Czytelnia / Technologie tłumaczeniowe

3.3 User interface

User interface is the means by which the user can communicate with the computer and its applications. Usually it involves such elements as menus, typed commands, function keys or mouse clicks. The first generation of interfaces had the inherent limitations e.g. hindering the simultaneous accessibility of termbase entries for editing and reference (Fontenelle&Mergen 1998). Nowadays, virtually all personal computers are equipped with the GUI consisting of windows, panes, bars, buttons, icons and menus. The same is true for the modern terminology management tools. However, there are sometimes significant differences between the applications in the way the program communicates with the user and displays data. Figure 1 represents the interface of Multiterm iX, while Figure 2 shows the interface of DVX (see: Figure 1. Multiterm iX interface - sample termbase provided with the application; Figure 2. Deja vu X interface - termbase created for the purpose of this project; Figure 3. SDLX 2004 - termbase created for the purposes of this thesis).

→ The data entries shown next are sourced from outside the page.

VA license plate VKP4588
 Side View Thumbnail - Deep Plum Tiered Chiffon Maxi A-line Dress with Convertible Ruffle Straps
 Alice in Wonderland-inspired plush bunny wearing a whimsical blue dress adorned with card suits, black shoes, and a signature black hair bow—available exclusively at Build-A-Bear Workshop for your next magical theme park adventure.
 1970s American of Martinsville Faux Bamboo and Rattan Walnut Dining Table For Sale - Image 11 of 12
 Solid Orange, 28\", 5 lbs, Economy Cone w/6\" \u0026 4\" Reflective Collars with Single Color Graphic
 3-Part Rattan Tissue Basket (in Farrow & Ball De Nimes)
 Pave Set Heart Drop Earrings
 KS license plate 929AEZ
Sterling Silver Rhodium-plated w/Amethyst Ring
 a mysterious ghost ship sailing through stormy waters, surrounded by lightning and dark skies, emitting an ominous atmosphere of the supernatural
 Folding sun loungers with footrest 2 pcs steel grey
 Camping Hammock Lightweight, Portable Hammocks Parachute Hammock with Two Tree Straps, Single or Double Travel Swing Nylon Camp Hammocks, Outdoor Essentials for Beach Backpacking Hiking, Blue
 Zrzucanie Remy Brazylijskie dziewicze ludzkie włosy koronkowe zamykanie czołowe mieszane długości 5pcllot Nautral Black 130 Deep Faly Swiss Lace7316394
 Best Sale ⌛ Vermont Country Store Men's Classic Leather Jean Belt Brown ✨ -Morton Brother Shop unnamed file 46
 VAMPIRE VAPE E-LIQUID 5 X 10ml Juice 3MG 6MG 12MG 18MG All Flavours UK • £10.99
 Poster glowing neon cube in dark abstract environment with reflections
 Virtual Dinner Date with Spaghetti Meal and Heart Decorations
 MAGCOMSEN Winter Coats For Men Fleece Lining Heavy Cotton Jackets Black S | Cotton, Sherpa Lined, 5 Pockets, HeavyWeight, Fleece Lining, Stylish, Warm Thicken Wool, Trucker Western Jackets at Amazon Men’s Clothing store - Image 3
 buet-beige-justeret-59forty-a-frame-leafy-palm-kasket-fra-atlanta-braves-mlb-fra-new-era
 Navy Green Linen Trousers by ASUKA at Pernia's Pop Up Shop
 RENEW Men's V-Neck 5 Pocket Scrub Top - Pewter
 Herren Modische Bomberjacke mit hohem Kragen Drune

As  we  can  see,  even  though  the  content  of  termbases  may  be  identical, it  will  be  displayed  in  a  different  way  in  the  different applications.  Some  tools display  the  termbase  contents in the form of a grid, occupying one of the several panes e.g. DVX; while others, like Multiterm  iX  and  SDLX,  display  the  entries in  the  form  of  text  files  indicating  fields  with colors, indentations and font sizes. The interface usually allows a number of primitive  actions in order to achieve the same effect e.g. a new entry can be created either by clicking  a button, selecting the function from a menu or by striking a hotkey. Another feature is the  dialog  language,  i.e. the language in  which  all  the  menus,  commands  and  messages  are  displayed. In  most  cases several dialog  languages  are  available and can be  switched while working with the tool.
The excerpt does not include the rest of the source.